The following topics are gateways to information about new or enhanced features found in Exchange 2013 Unified Messaging:
Return to top
Unified Messaging features
The voice mail features found in Unified Messaging offer benefits for both end users and IT administrators.
Features for end users
When you deploy Unified Messaging, users can access voice mail, email, and calendar information that's located in their mailbox from an email client, for example, Outlook or Microsoft Outlook Web App, from a mobile phone with Microsoft Exchange ActiveSync set up, such as a Windows Phone, or from a telephone. Additionally, users can use the following features:
Access to Exchange information: UM-enabled users can access a full set of voice mail features from Internet-capable mobile phones, Microsoft Office Outlook 2007 or later versions, and Outlook Web App. These features include many voice mail configuration options and the ability to play a voice message from either the Reading Pane, using an integrated Windows Media Player, or the message list, using computer speakers.
Play on Phone: The Play on Phone feature lets UM-enabled users play voice messages over a telephone. If the user works in an office cubicle, is using a public computer or a computer that isn't enabled for multimedia, or is listening to a voice message that's confidential, they might not want to or be able to listen to a voice message through computer speakers. They can play the voice message using any telephone, including a home, office, or mobile telephone.
Voice mail form: The voice mail form resembles the default email form. It gives users an interface for performing actions such as playing, stopping, or pausing voice messages, playing voice messages on a telephone, and adding and editing notes.
The voice mail form includes the embedded Windows Media Player and an Audio notes field. The embedded Windows Media Player and notes field are displayed in either the Reading Pane when users preview a voice message or in a separate window when they open the voice message. If users aren't enabled for Unified Messaging, or if a supported email client hasn't been installed on the client computer, they view voice messages as email attachments, and the voice mail form isn't available.
User configuration: A user who's enabled for Unified Messaging can configure several voice mail options for Unified Messaging using Outlook Web App. For example, the user can configure telephone access numbers and the voice mail Play on Phone number, and can then reset a voice mail access PIN.
Call answering: Call answering includes answering incoming calls on behalf of users, playing their personal greetings, recording messages, and submitting them for delivery to their Inbox as an email message.

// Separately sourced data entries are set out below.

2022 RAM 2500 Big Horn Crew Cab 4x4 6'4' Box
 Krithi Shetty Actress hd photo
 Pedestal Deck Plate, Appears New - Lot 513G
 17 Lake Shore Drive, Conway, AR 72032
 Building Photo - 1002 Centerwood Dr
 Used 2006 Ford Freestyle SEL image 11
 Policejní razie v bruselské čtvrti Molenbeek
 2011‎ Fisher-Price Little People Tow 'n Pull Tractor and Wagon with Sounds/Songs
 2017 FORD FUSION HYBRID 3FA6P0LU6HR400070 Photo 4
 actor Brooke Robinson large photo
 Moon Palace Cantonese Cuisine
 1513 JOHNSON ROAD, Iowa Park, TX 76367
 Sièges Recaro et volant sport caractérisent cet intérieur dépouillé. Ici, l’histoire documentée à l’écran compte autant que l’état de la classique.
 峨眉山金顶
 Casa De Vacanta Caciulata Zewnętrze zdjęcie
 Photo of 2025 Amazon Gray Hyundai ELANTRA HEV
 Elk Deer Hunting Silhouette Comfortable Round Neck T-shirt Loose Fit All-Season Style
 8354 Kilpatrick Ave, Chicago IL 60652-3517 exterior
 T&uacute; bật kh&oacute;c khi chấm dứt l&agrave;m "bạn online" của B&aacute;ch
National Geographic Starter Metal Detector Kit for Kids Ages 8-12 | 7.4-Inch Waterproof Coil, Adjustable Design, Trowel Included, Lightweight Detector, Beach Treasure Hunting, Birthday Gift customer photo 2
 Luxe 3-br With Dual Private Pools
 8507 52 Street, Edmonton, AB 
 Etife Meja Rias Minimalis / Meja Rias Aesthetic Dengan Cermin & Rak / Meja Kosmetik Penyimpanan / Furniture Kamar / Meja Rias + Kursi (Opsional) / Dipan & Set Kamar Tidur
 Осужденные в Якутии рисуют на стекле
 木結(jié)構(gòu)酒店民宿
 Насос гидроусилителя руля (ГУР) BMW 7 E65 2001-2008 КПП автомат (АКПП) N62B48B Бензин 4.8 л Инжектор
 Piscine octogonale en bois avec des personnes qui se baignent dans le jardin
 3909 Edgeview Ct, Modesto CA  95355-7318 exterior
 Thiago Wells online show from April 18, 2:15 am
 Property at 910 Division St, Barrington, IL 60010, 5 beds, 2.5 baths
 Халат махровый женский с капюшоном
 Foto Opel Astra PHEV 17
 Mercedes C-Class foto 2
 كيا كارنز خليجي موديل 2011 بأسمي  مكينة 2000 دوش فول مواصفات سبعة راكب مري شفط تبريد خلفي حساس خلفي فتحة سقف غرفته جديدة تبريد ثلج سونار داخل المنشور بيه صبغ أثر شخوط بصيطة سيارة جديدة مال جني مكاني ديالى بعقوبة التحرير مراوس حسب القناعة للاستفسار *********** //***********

Call Answering Rules: Call Answering Rules lets users who are enabled for voice mail determine how their incoming call answering calls should be handled. The way call answering rules are applied to incoming calls is similar to the way Inbox rules are applied to incoming email messages. By default, no call answering rules are configured. If an incoming call is answered by the Mailbox server, the caller is prompted to leave a voice message for the called party. Using call answering rules, a caller can:
Leave a voice message for the UM-enabled user.
Transfer to an alternate contact of the UM-enabled user.
Transfer to the alternate contact's voice mail.
Transfer to other phone numbers that the UM-enabled user has configured.
Use the Find Me feature or locate the UM-enabled user via a transfer from an operator.
Voice Mail Preview: The Mailbox server uses Automatic Speech Recognition (ASR) on newly created voice mail messages. When users receive voice messages, the messages contain both a recording and text that's been created from the voice recording. Users see the voice message text displayed in an email message from within Outlook Web App or another supported email client.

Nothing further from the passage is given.